Now the economic system that sent the slave ships is set to drown in its turn. It is no coincidence that the spirits sent Isaac seven years to the day after Katrina.
The point with these Anthropocene hurricanes is not the wind but the water. Like Katrina, Isaac is bringing huge amounts of water with it. As global warming develops, the warm air holds more water vapor. As the ice-caps melt, there is more water in the ocean. As the oceans warm, there is more energy for a storm system to draw on. Put these three together and you have the new once-a-year “storm of the century.”
By 3pm, there had already been nearly ten inches of rain in New Orleans. The storm surge was twelve and a half feet in Plaquemines Parish and some people have had to be rescued off the rooftops. In New York, half-an-inch of rain leads untreated sewage to be flushed directly into the rivers and oceans. We learned last year that a storm surge of five feet would flood much of Manhattan. When–not if–that happens, it’s not going to matter who is in charge of Zuccotti Park–it will belong to the water spirits.
Despite the levee overtoppings, the floods and the massive loss of power, New Orleans is surviving Isaac. But only because $14.5 billion was spent defending it in the last seven years, on top of a century of levee building. What will it take to defend the entire Eastern seaboard? It doesn’t matter, no one will spend it.
Capitalism has been blithely indifferent to climate change. Why? Look at this diagram. On top, the world mapped by quantity of emissions. On the bottom, the world mapped by likely consequences of climate change.

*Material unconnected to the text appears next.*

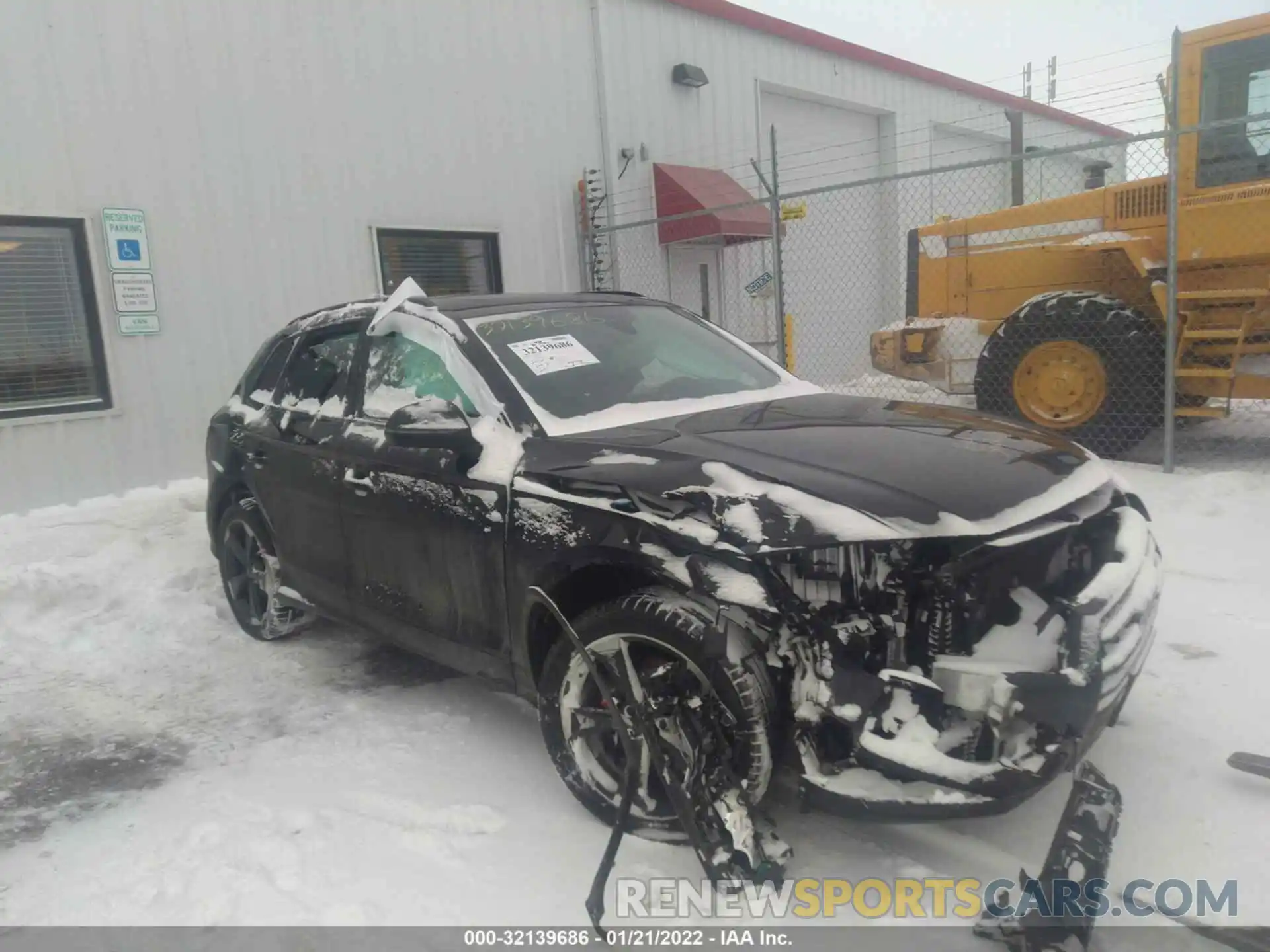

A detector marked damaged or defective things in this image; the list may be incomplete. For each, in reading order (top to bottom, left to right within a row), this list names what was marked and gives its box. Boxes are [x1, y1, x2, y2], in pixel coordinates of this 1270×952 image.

crumpled hood [519, 391, 1111, 547]
damaged front bumper [799, 502, 1164, 820]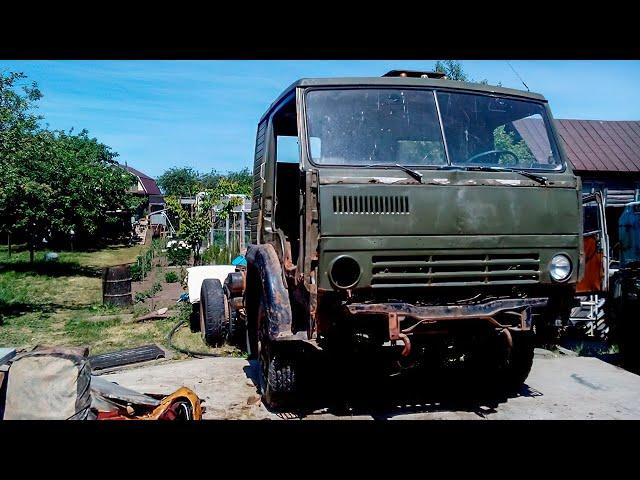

So it’s easy to see the calculation: the US, Europe and Japan get off lightly, Africa and Asia pay the price, who cares? Only this was made on the basis of the now evidently conservative IPCC reports. This summer has shown a far more accelerated melting of the Arctic ice than anyone has previously predicted. The total disappearance of Arctic ice in summer is now expected by 2030, far sooner than ever imagined. No one really knows what the consequences will be but they will not be good. It’s going to mean flooding becomes the new normal, rain for months on end for some, and drought for others. Just like we’ve been seeing this summer, in fact, with 63% of the U.S. in drought, while other places have flooded.
And what are our lords and masters doing? Debating how to divide the drilling rights in the Arctic. George Monbiot reports:
The companies which caused this disaster are scrambling to profit from it. On Sunday, Shell requested an extension to its exploratory drilling period in the Chukchi Sea, off the north-west coast of Alaska. This would push its operations hard against the moment when the ice re-forms and any spills they cause are locked in. The Russian oil company Gazprom is using the great melt to try to drill in the Pechora Sea, north-east of Murmansk.
The revenge of the spirits is devastating but in a certain way beautiful. Just as the enslaved were driven to choose drowning over slavery, the death of life over social death, so now capitalism is choosing to drown itself rather than die.
Unless we choose to do something about it. S17. S stands for survival. Sorry about that.